DATASET SECTION:
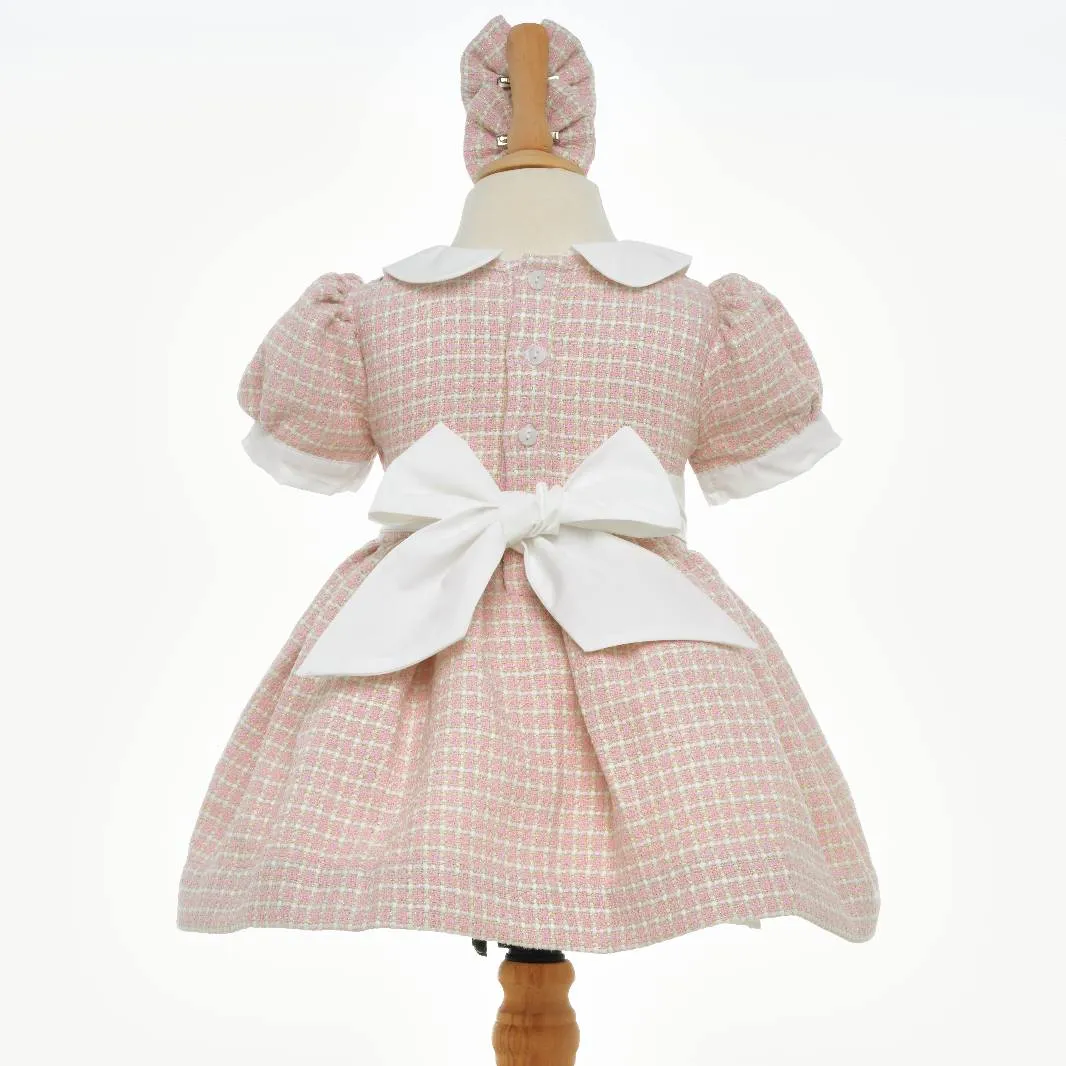 Ocean Baby Girls Old Fashioned Pink Tweed Petticoat Layered Dress (12M-10Yrs)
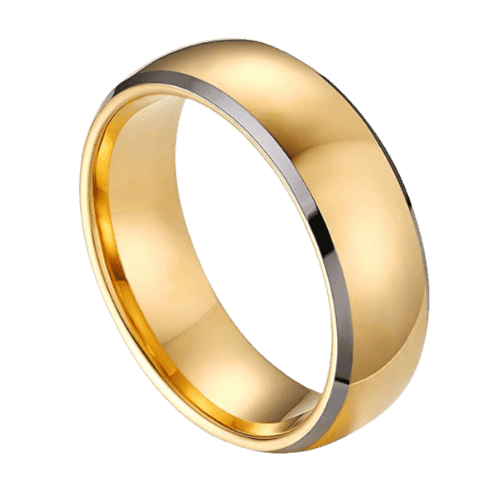 gold mens ring with silver edges Darius 8mm tungsten wedding anniversary engagement in all sizes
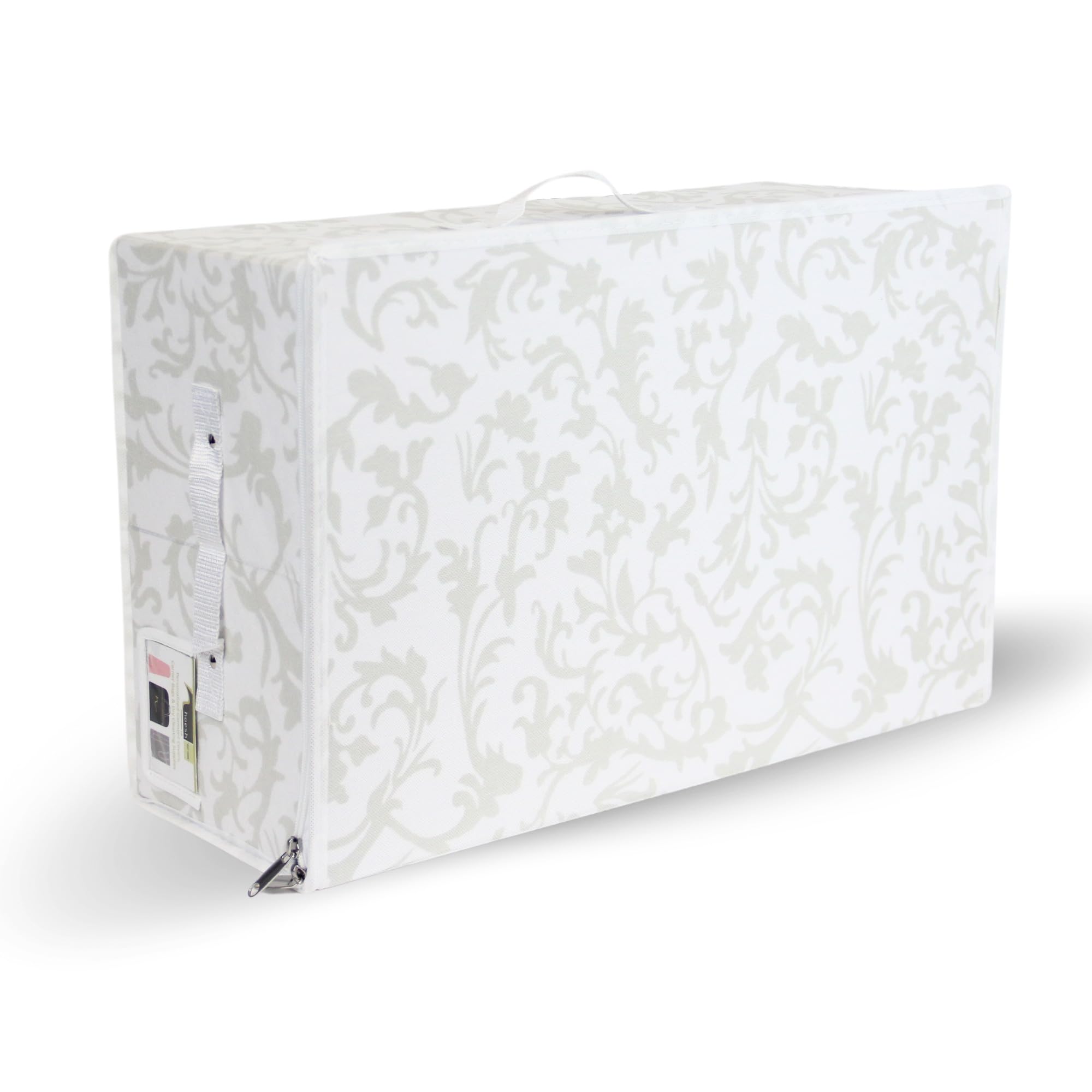 Hoesh - Breathable White with Silver Floral Design Wedding Dress Box - Underbed Storage Boxes, Wedding Dress Storage Box, Wardrobe Organiser, Cabin Size Approved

EXERCISE GOAL: Your copy should hold exactly the lines from the line bearing "gold mens ring" through the end of the data, both included, and no pictures or anything further.

RESULT:
 gold mens ring with silver edges Darius 8mm tungsten wedding anniversary engagement in all sizes
 Hoesh - Breathable White with Silver Floral Design Wedding Dress Box - Underbed Storage Boxes, Wedding Dress Storage Box, Wardrobe Organiser, Cabin Size Approved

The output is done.